AVAILABLE RECORDS:
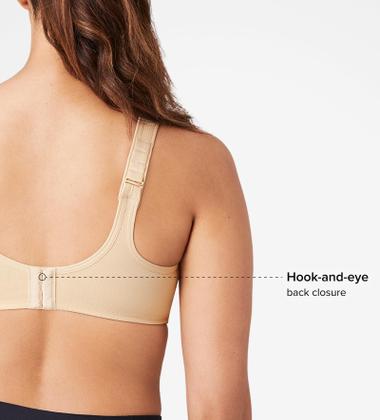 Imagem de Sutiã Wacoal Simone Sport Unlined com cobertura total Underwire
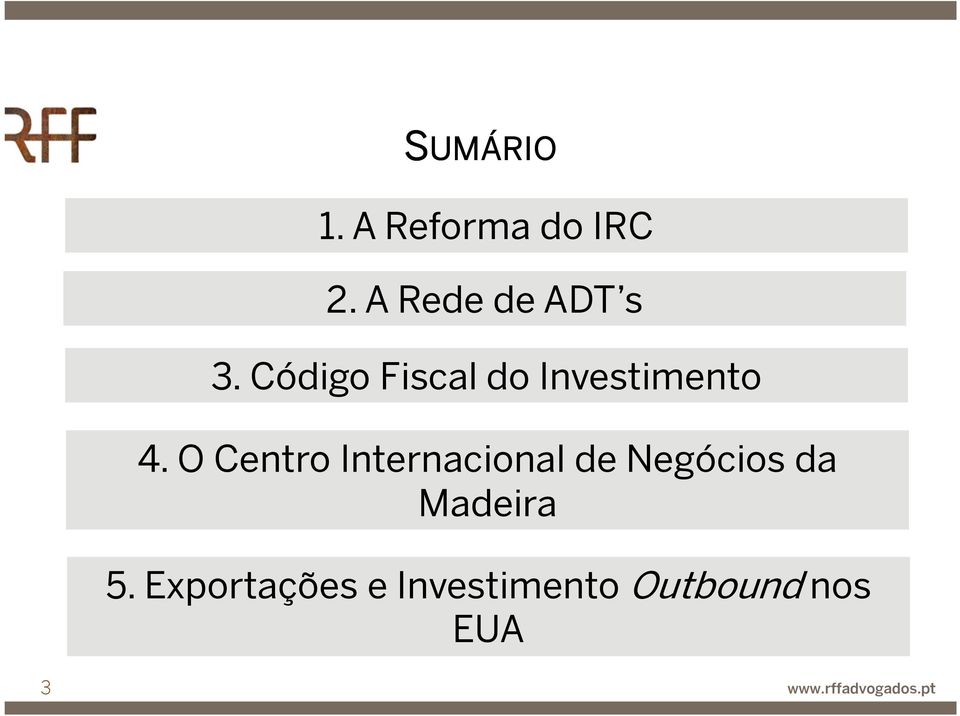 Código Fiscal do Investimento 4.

...

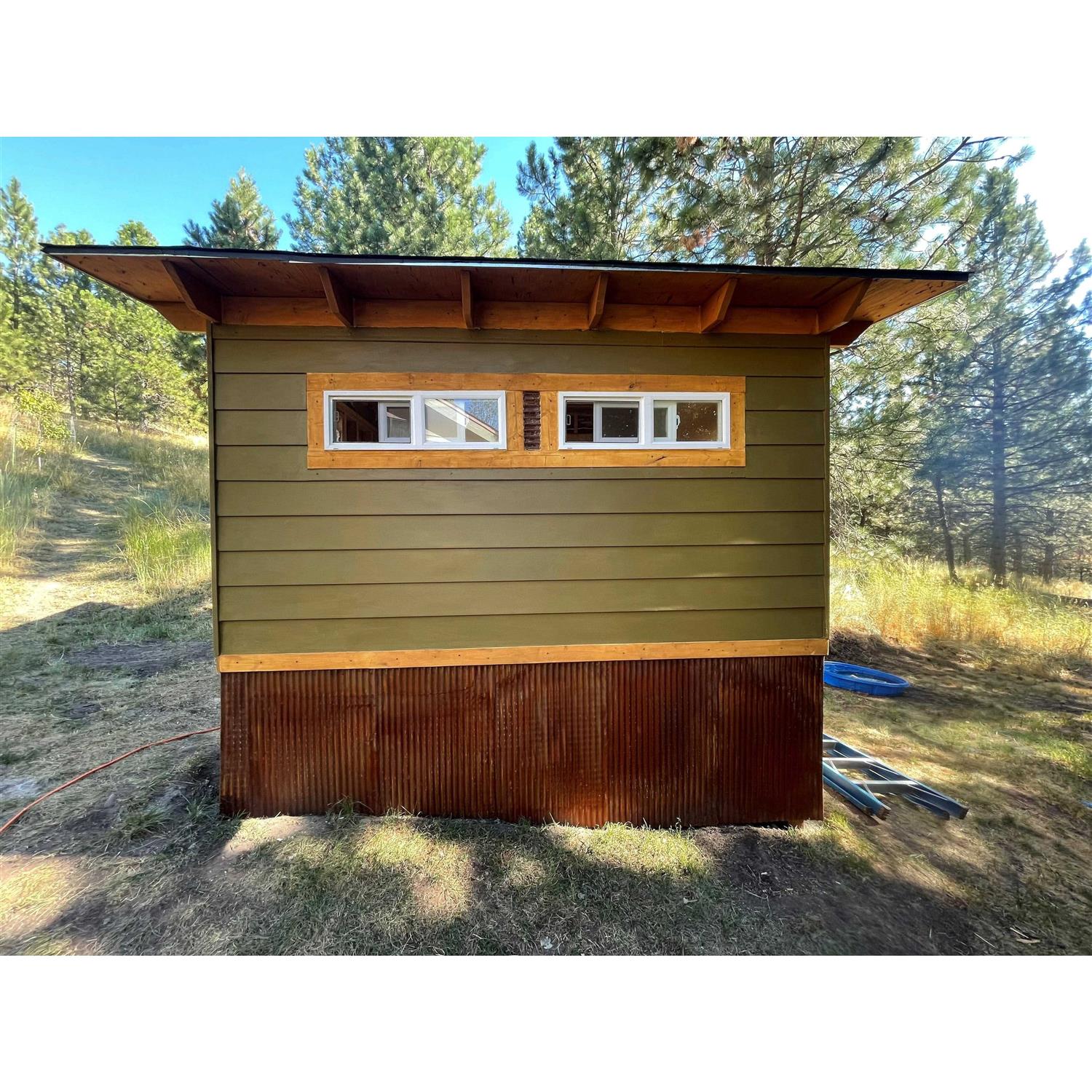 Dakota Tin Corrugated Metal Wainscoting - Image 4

...

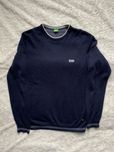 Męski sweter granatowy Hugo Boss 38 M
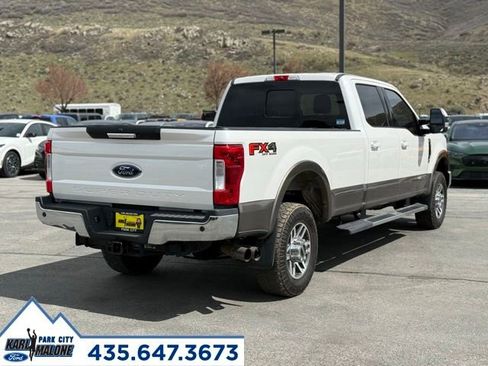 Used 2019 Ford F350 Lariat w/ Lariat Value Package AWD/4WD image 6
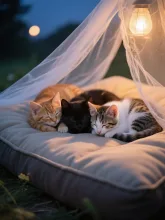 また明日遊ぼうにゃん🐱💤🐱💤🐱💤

PROBLEM DETAILS: In the listing above, find the line with "Imagem de Sutiã" and output it and every line after it up to and including the line with "Código Fiscal do Investimento 4.", exactly, minus the pictures.

RESPONSE TO THE EXERCISE:
 Imagem de Sutiã Wacoal Simone Sport Unlined com cobertura total Underwire
 Código Fiscal do Investimento 4.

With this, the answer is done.